I want to elaborate more on the need for the shared state and awareness of
watermark alignment in the source implementation. Sources like Kafka and
Kinesis pull from the external system and then emit the records. For
Kinesis, we have multiple consumer threads (one per shard), that fetch from
Kinesis and push the records downstream. Each of those threads logically
have a different watermark. (Note that the Kinesis source in Flink
currently does not have any source watermarking support, we have
implemented that in our own extension at Lyft).
The source needs logic to decide which threads should pause because they
are ahead. That logic needs to take into account other threads and other
subtasks (for which we need the shared state). A watermark aware back
pressure mechanism would be great, but we cannot block the entire source.
We need to only stop reading those shards (or Kafka partitions) that have
gotten too far ahead of others.
On Wed, Oct 10, 2018 at 9:33 AM Fabian Hueske <fhueske@xxxxxxxxx> wrote:
> I think the new source interface would be designed to be able to leverage
> shared state to achieve time alignment.
> I don't think this would be possible without some kind of shared state.
> The problem of tasks that are far ahead in time cannot be solved with
> That's because a task cannot choose from which source task it accepts
> events and from which doesn't.
> If it blocks an input, all downstream tasks that are connected to the
> operator are affected. This can easily lead to deadlocks.
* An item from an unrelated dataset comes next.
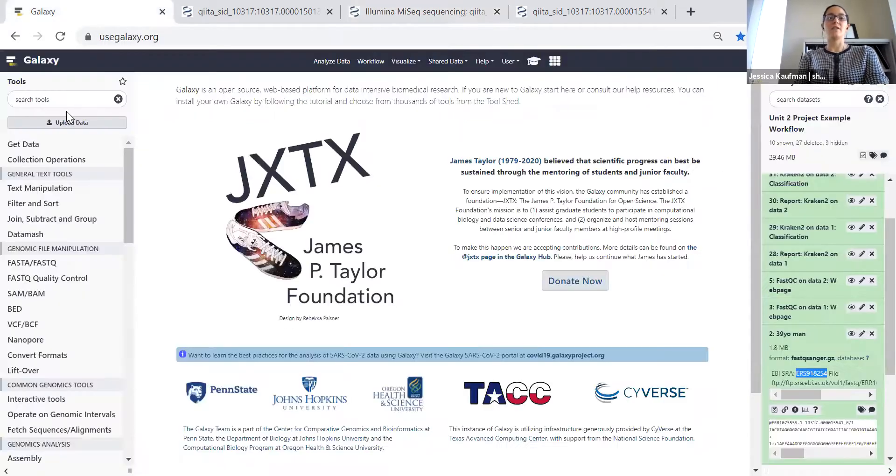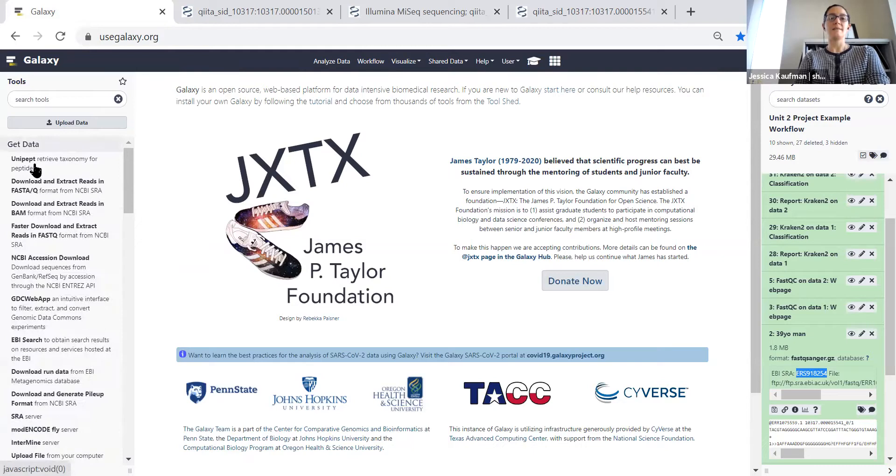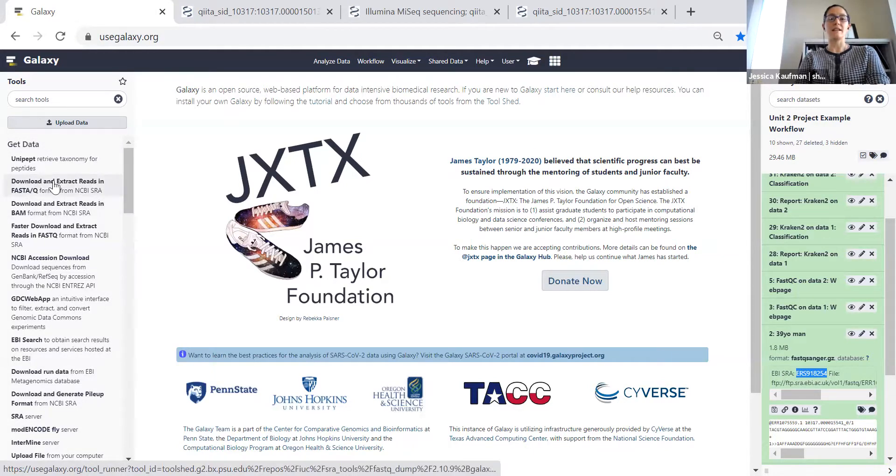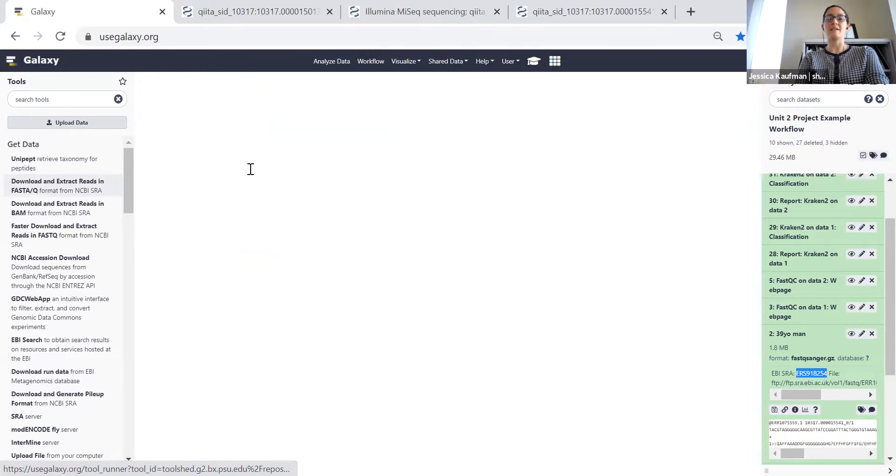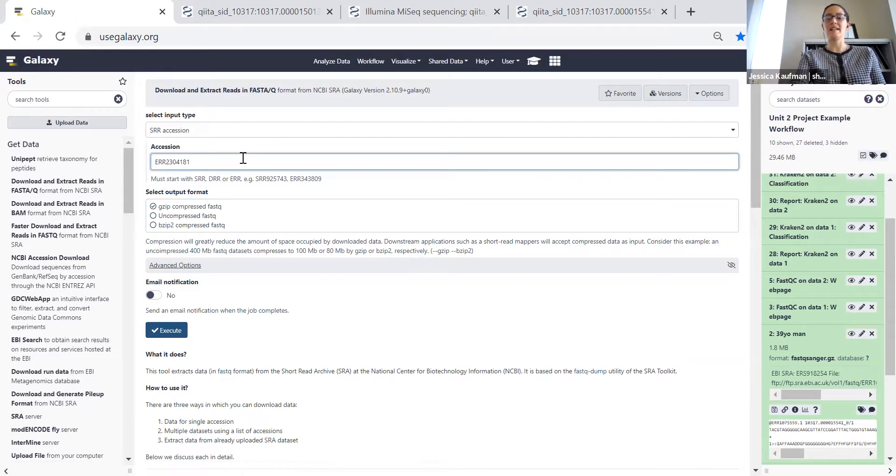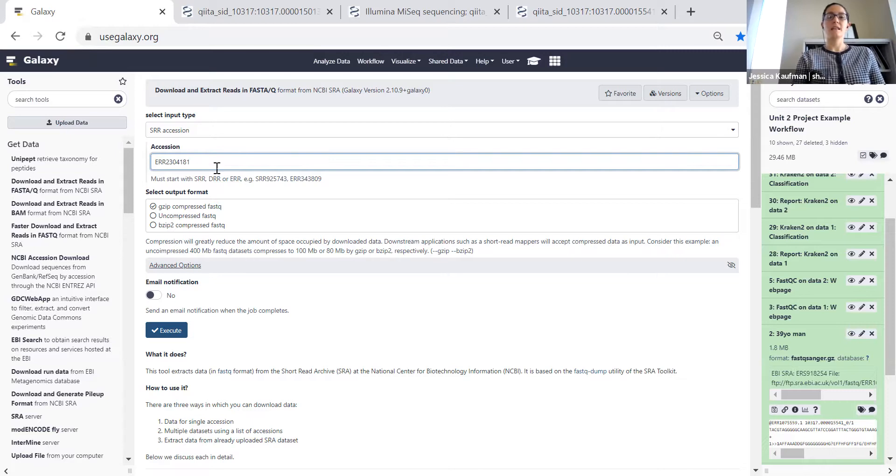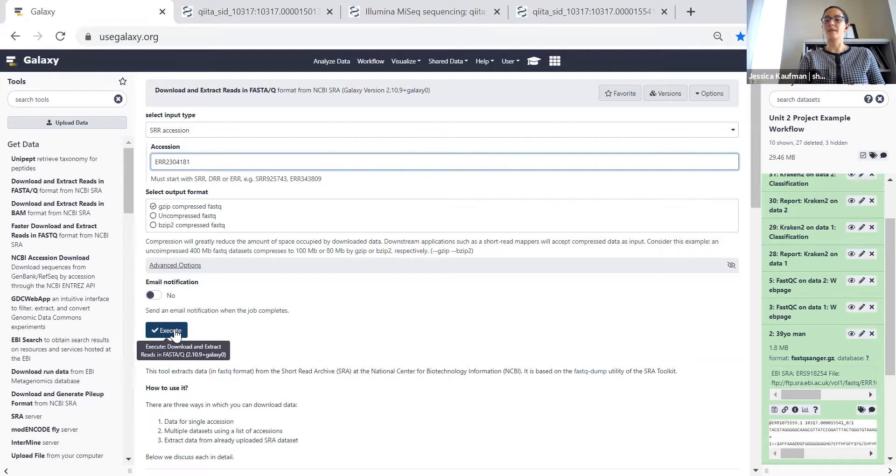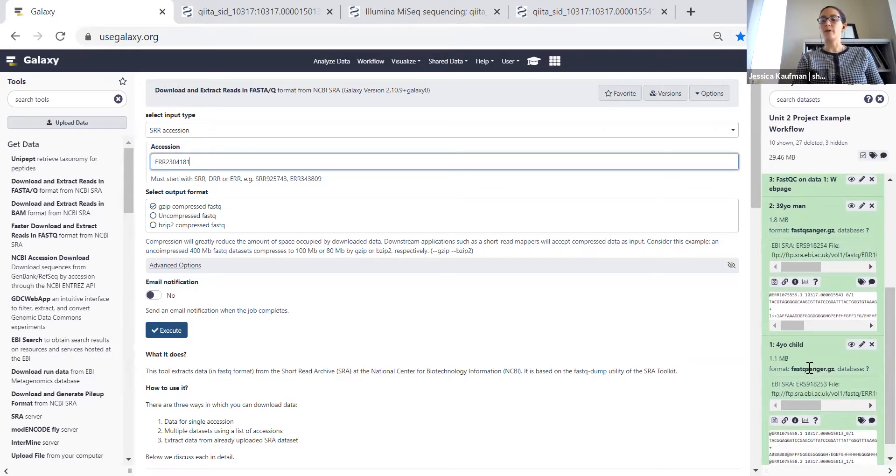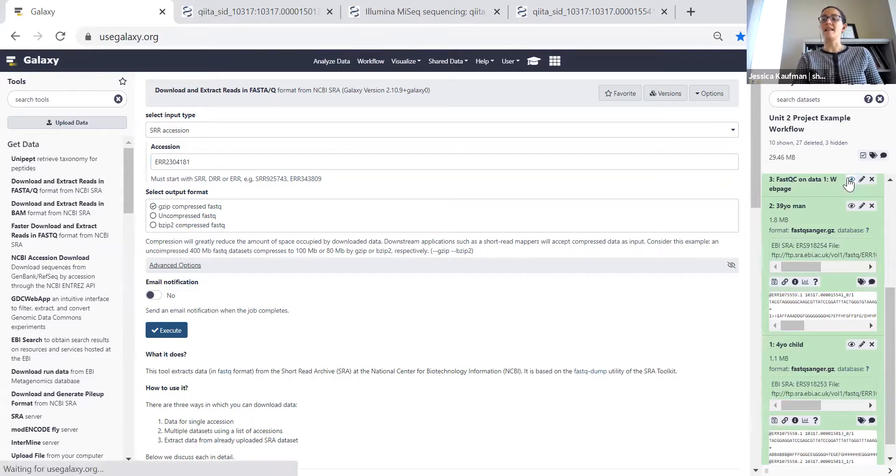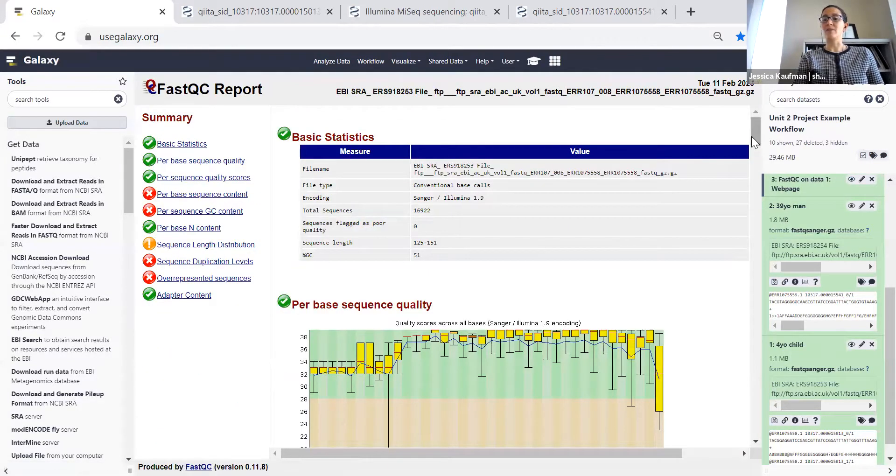Now I can go to Galaxy and get data, download and extract reads in FASTQ format from NCBI SRA. I'm going to paste in that accession number ERR. I want it to come in as a compressed FASTQ file and click execute. I've already done that twice in my history. You can see I've imported the FASTQ file for a four-year-old child and a 38-year-old man. Then the next step is to run the FASTQC report.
> Therefore, all operators need to be able to handle events when they arrive.
> If they cannot process them yet because they are too far ahead in time,
> they are put in state.
> Am Mi., 10. Okt. 2018 um 18:15 Uhr schrieb Elias Levy <
> > On Wed, Oct 10, 2018 at 8:15 AM Aljoscha Krettek <aljoscha@xxxxxxxxxx>
> > wrote:
> > > I think the two things (shared state and new source interface) are
> > > somewhat orthogonal. The new source interface itself alone doesn't
> > > the problem, we would still need some mechanism for sharing the
> > event-time
> > > information between different subtasks. This could be the state sharing
> > > mechanism. Therefore I would say we should not block one on the other
> > > therefore should go ahead with state sharing.
> > >
> > Is that really the case? The reason Thomas gave for the request to share
> > state among subtasks was to implement stream alignment. If streams can
> > aligned, then the given reason for state sharing disappears. Not to say
> > there aren't other situations where state sharing could be useful. It
> > would have been handy in a number of our jobs.
> > Also, it's not clear to me that if sources (and multiple streams
> > were performing time alignment, you'd need some mechanism for sharing
> > even-time information between subtasks. Each source and multiple input
> > operator can perform its own local alignment and back-pressure can take
> > care of squelching sources that are advancing too fast.